After inspection, the pipe should be cleaned prior to applying any protective coatings. The pipe can be cleaned mechanically or with acids or rust dissolvers.

If the pipe is used, or has been stored in marine or industrial environments, it should be water blasted to remove any salt or acid deposits, weathered for a period of time to allow underdeposit salts to migrate to the surface, and water blasted again. One month is usually sufficient weathering time.
A water-soluble phosphate-base temporary rust inhibitor can be applied during the weathering period to minimize further rusting. The inside of the pipe should also be protected because water may collect on the bottom and cause pitting.

The pipe can now be physically cleaned. Wire brushing with an automated machine is a preferred method, but a rotary hand-held wire brush can be used if a machine is not available. If rusting and pitting are severe, the pipe should be sand blasted. The inside of the pipe can be cleaned with a mechanical rattler or a round brush.

An alternative cleaning method for lightly rusted pipe or where mechanical cleaning facilities are unavailable is the use of an acid-base rust remover/chelant. These are usually based on phosphoric acid and will contain inhibitors and passivators to prevent removal of metal. The pipe can be soaked in a trough of the inhibited acid cleaner until deposits are dissolved.

Application of Protective Coatings

Once the pipe is cleaned, temporary rust-preventive coatings can be applied to halt further rusting. They can be applied by the automatic machine that cleans the pipe or by hand sprayers, dipping, or brushing. The important factor is that the pipe is completely covered with the coating.
- Temporary coatings are manufactured in several types, as discussed below.

Lacquer coatings may consist of an oil-soluble resin in a volatile hydrocarbon solvent. These coatings may be brittle and may flake off and expose bare metal.



Slushing compounds usually consist of asphalt dissolved in a nonevaporating hydrocarbon so that a thick, oily layer is present on the surface. These compounds are resistant to mechanical damage, but may be difficult to apply and remove.

Polymeric coatings may contain acrylics, chlorinated vinyl chlorides, or other materials that will dry and polymerize from an aqueous solution. The coating is similar to that found when floor wax is applied. These coatings may contain metal passivators and rust converters that will be anodic to the metal surface and greatly alleviate further rusting. Polymeric coatings are easy to apply and are sometimes used without precleaning the surface, because the converters and passivators are designed to modify corrosion by-products to eliminate concentration cell corrosion.

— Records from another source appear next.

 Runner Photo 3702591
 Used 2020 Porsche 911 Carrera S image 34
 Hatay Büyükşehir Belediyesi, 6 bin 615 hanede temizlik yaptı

Sulfonate-base coatings are formulated from petroleum sulfonates, waxes, and materials that form a flexible and nondrying coating. Pigments and fillers can be added for appearance and durability. The sulfonate acts as a rust inhibitor, and the other materials seal the surface to prevent moisture entry. These are relatively easy to apply and are resistant to mechanical damage.

Rust passivators are of the same type as the phosphoric acid base rust removers, or may be similar to the polymeric coatings. They are used for rust prevention under sheds or in warehouses and may not be adequate for outdoor storage in corrosive areas.

The Application method used will depend on the type of coating selected. A hydrocarbon-base coating can be brushed or sprayed, or the pipe can be dipped in a trough containing the coating. Dilution with naphtha, aromatic solvents, or diesel oil can be done, depending on the recommendations of the manufacturer. A hydrocarbon-base coating should not be applied to wet or damp pipe.
Some coatings are reported to be able to displace water from a metal surface, but care should be taken that the surface is not too wet.
A water-base coating will probably be applied full strength. It can also be sprayed or brushed. The recommendations of the manufacturer should be followed to ensure proper coverage.

A suitable thread-protecting compound should be applied and thread protectors screwed onto the threads before the pipe is coated. It may be desirable to coat the inside of the pipe with an oily coating and to use pipe caps to prevent water entry during storage.

If the coating is air sprayed, the pipe should be coated one layer at a time, making certain that the spray is adjusted to provide coverage without excessive loss. The pipe should be rolled, and the other side covered. The use of wood spacers between layers of pipe will allow any moisture to drain and dry during subsequent outdoor storage. Once the pipe is coated, sufficient drying time should be allowed before the pipe is moved.

 

Continuing Maintenance

The pipe should be inspected at preselected intervals to ensure that the coating is performing satisfactorily. The program can be modified, or the pipe can be recoated when needed. Complete records should be maintained so that corrosion prevention is an on-going and effective process.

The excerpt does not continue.